Range of tactics to curb wormer resistance threat
Farmers and crofters are being given advice on how to develop a worm control plan for their sheep.
Quality Meat Scotland (QMS) has teamed up with its counterparts in England and Wales to publish the free 28-page Worm Control in Sheep guide.
It sets out the steps shepherds should take to ensure any new or returning sheep coming on to their farm or croft do not bring resistant worms with them.

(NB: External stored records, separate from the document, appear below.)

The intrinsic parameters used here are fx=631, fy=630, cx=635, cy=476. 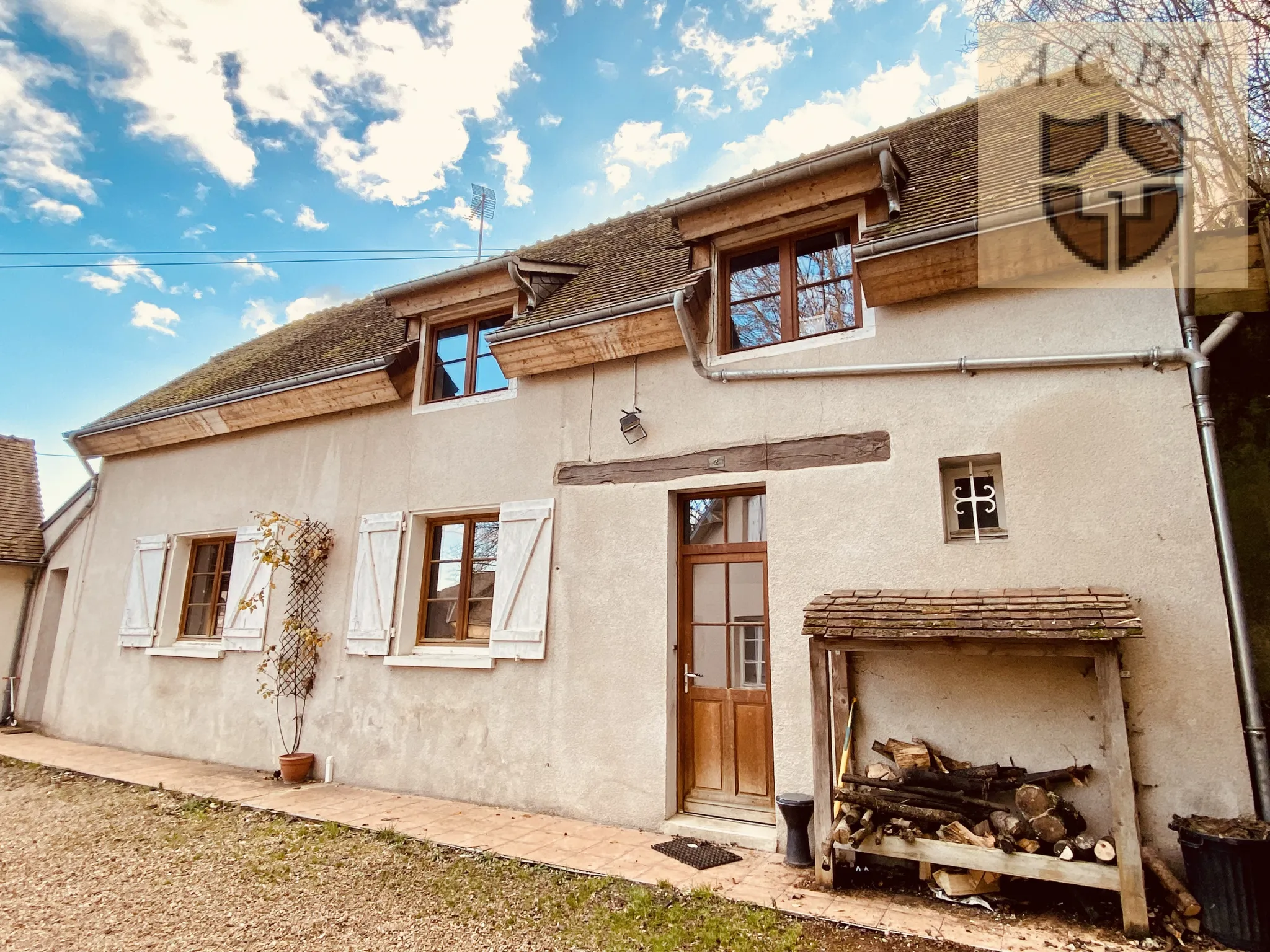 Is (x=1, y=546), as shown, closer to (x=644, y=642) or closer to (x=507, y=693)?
(x=507, y=693)

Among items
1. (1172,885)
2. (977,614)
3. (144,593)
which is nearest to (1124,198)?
(977,614)

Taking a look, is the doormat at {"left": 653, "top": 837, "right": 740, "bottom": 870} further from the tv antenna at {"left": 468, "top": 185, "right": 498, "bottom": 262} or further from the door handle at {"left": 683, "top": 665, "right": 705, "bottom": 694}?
the tv antenna at {"left": 468, "top": 185, "right": 498, "bottom": 262}

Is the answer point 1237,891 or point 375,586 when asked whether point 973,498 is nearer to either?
point 1237,891

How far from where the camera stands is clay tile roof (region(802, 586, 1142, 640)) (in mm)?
3119

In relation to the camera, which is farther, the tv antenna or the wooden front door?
the tv antenna

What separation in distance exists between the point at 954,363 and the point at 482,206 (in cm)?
818

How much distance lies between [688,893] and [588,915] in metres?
0.58

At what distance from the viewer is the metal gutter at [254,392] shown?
6547mm

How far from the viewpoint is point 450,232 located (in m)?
10.3

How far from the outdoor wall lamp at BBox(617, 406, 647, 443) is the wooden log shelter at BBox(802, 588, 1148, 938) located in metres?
2.07

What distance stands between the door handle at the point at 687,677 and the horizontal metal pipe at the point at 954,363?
231 cm

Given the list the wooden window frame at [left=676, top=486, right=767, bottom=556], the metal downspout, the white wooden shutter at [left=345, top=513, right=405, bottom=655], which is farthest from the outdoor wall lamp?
the metal downspout

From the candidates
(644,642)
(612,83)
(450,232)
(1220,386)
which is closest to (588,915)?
(644,642)

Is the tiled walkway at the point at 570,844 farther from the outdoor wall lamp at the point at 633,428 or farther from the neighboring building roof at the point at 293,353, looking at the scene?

QMS said the information in the guide was particularly relevant now at a time when major sheep sales are taking place across the country and thousands of sheep are being moved to new locations.
The organisation’s knowledge transfer specialist, Heather McCalman, said it was hoped the guide would help minimise the potential build-up of wormer resistance, also known as anthelmintic resistance, in the Scottish sheep industry.
“There are increasing levels of anthelmintic resistance resulting both from intensive grazing of ‘sheep only’ pastures and from a reliance on heav- ily used products,” said Ms McCalman.
“There are a range of tactics to use – from the clean and safe grazing offered by silage aftermaths, simply grouping lambs by age and the use of bioactive forages like chicory – which can all contribute to a strategic approach to anthelmintic treatment and worm control.” The wormer guide emphasises the importance of choosing the right product for the right animal at the right time.
It also provides advice on managing worms through grassland management and how best to assess and reduce pasture risk.
Andrew Baillie, of Carstairs Mains Farm in Lanarkshire, has successfully used grazing management and faecal egg counts (FECs) to reduce the need for anthelmintics.
By using regular FECs as a tool to reduce the number of times lambs were treated, Mr Baillie saved £800 in anthelmintics for the 600 lambs and the 400 ewes in the first year of adopting this practice, whilst maintaining average lamb growth rates of 200-300g per day.